*** Data for the task
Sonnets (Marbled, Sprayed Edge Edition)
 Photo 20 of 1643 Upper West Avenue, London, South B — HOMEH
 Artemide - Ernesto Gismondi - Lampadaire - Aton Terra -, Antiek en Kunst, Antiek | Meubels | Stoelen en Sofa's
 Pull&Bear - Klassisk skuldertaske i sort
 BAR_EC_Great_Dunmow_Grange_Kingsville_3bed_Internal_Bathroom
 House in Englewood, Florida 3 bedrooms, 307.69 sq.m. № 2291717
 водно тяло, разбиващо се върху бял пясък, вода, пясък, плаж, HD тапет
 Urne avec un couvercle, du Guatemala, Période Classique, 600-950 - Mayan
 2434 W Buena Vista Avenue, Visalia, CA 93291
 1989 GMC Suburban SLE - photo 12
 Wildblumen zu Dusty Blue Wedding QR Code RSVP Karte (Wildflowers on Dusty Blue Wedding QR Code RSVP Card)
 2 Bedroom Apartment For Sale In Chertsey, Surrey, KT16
******
**Exercise objective**
Starting at the line above that holds "Urne avec un" and ending at the line that holds "Wildblumen zu Dusty", transcribe each line exactly and include no other lines.

**Solution**
 Urne avec un couvercle, du Guatemala, Période Classique, 600-950 - Mayan
 2434 W Buena Vista Avenue, Visalia, CA 93291
 1989 GMC Suburban SLE - photo 12
 Wildblumen zu Dusty Blue Wedding QR Code RSVP Karte (Wildflowers on Dusty Blue Wedding QR Code RSVP Card)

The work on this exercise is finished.